> _EXERCISE OBJECTIVE_
Reproduce nothing but the lines from the one containing "Женские леггинсы Adidas Essentials DY4196" to the end of the records below, each exactly as written.

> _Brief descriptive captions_
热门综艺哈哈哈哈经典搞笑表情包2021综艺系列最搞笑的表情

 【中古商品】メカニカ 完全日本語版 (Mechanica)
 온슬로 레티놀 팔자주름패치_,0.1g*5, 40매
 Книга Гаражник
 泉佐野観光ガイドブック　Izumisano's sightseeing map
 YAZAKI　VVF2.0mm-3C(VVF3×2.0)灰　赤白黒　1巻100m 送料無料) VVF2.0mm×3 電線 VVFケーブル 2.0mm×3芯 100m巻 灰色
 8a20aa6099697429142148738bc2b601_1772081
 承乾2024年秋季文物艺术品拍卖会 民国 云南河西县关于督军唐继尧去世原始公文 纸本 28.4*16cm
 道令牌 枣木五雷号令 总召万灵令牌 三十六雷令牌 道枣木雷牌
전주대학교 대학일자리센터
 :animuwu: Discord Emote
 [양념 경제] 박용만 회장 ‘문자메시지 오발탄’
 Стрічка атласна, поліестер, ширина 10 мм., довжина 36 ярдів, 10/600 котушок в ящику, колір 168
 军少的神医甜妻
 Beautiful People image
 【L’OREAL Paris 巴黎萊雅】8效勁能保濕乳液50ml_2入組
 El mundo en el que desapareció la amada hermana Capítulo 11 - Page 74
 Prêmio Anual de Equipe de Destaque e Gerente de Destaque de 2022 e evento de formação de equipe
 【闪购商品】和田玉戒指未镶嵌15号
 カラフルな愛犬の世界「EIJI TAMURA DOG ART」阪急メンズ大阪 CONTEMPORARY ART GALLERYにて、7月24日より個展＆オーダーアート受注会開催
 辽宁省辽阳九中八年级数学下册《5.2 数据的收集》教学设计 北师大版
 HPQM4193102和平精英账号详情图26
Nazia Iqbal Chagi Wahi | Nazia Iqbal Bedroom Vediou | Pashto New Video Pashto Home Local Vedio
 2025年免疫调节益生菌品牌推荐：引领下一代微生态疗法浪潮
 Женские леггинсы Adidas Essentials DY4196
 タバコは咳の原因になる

> _FINISHED EXERCISE_
 Женские леггинсы Adidas Essentials DY4196
 タバコは咳の原因になる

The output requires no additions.